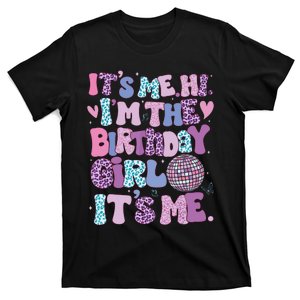 Birthday Shirts Its Me Hi Im The Birthday Girl Its Me T-Shirt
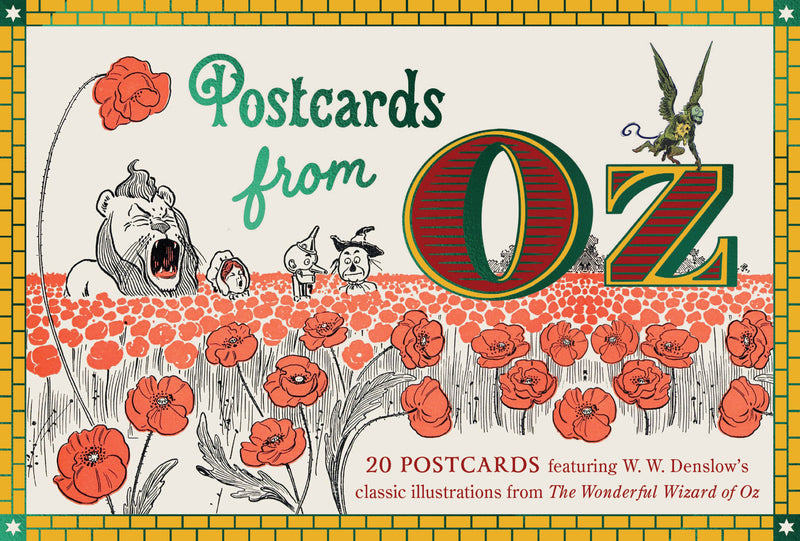 Postcards From Oz: 20 postcards featuring W. W. Denslow’s classic illustrations from The Wonderful Wizard of Oz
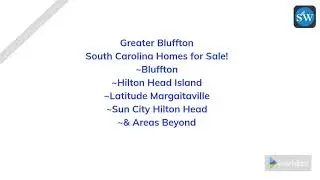 Greater Bluffton South Carolina Housing Matchmaker Video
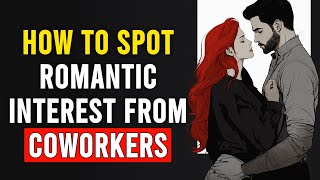 How To Spot Romantic Interest From Coworkers [upl. by Yddeg]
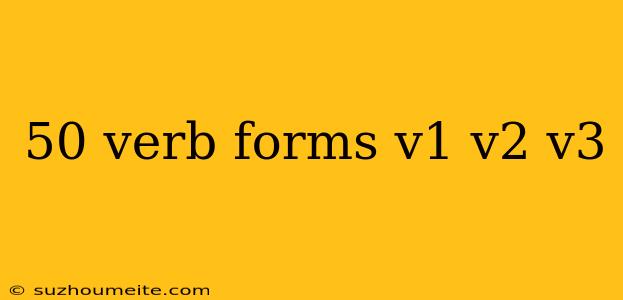 50 Verb Forms V1 V2 V3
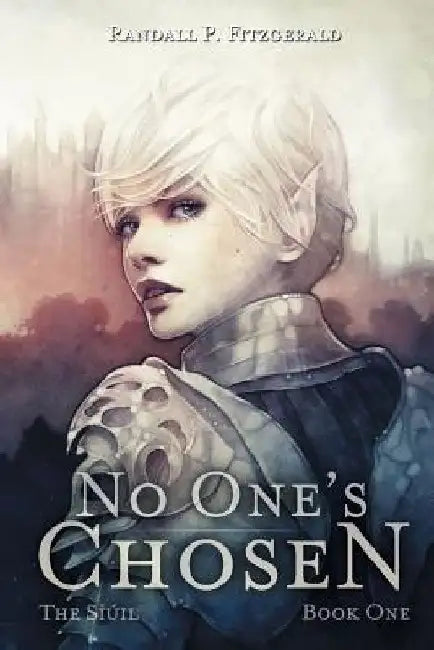 No One's Chosen by Randall P. Fitzgerald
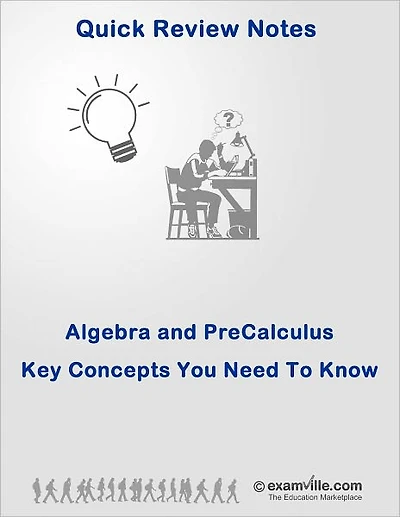 Quick Review: Basic Algebra and Pre-Calculus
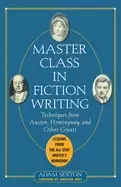 Image of master class in fiction writing techniques from austen hemingway and other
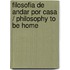 Filosofia de andar por casa / Philosophy to be home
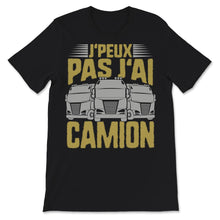 Load image into Gallery viewer, Tee Shirt Pour Hommes J'Peux Pas J'ai Camion chauffeur des camions
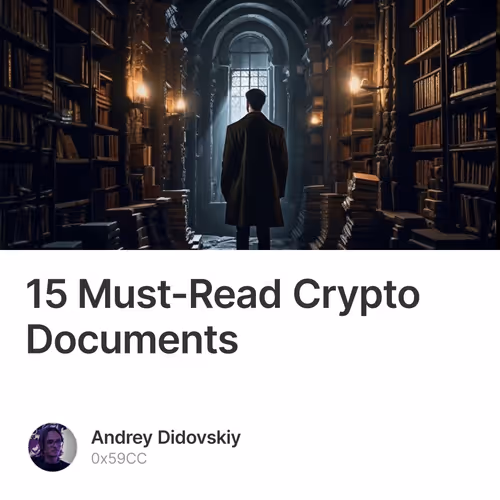 15 Must-Read Crypto Documents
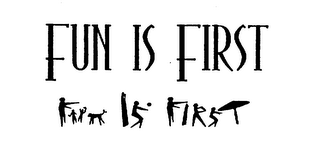 FUN IS FIRST logo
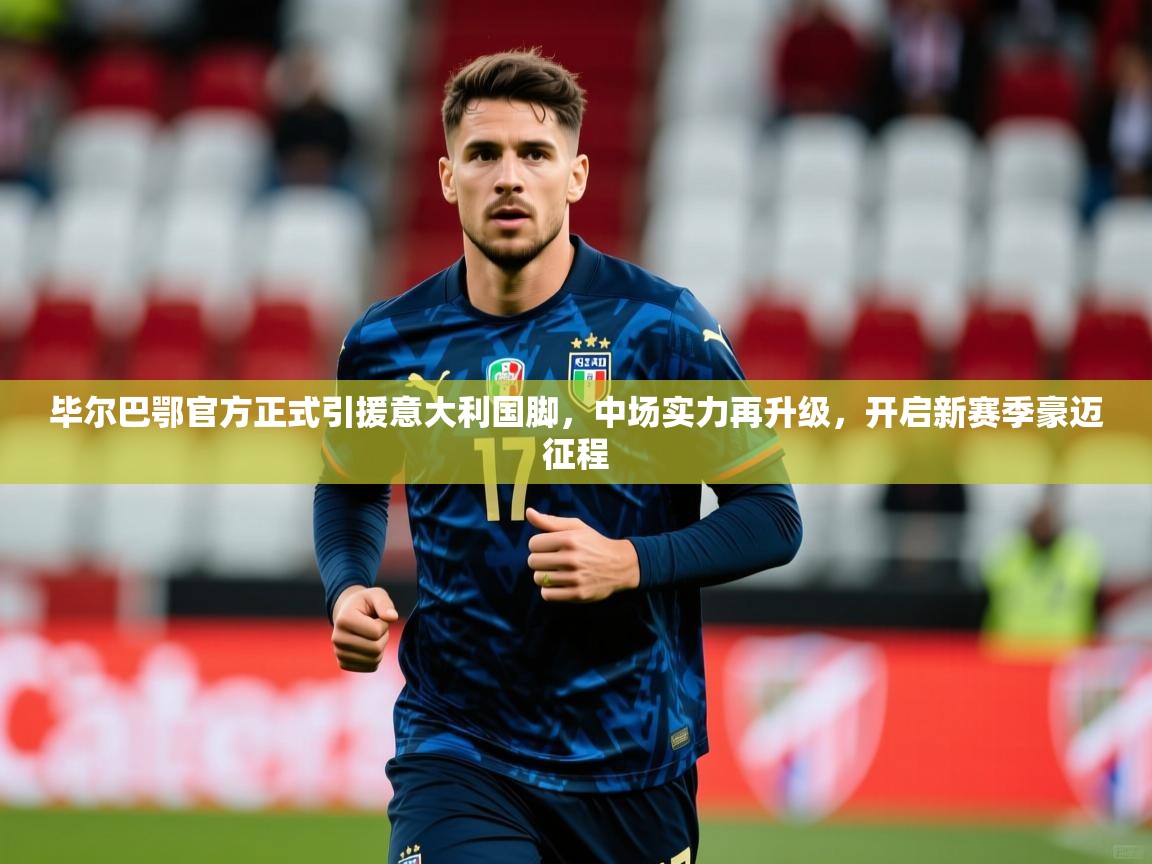 毕尔巴鄂官方正式引援意大利国脚,中场实力再升级,开启新赛季豪迈征程 毕尔巴鄂官方正式引援意大利国脚,中场实力再升级,开启新赛季豪迈征程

☆ ☆ ☆ ☆

Reproduce exactly and only the lines from the one with "FUN IS FIRST logo" through the last entry, both included, excluding every picture.

**Your response**:
 FUN IS FIRST logo
 毕尔巴鄂官方正式引援意大利国脚,中场实力再升级,开启新赛季豪迈征程 毕尔巴鄂官方正式引援意大利国脚,中场实力再升级,开启新赛季豪迈征程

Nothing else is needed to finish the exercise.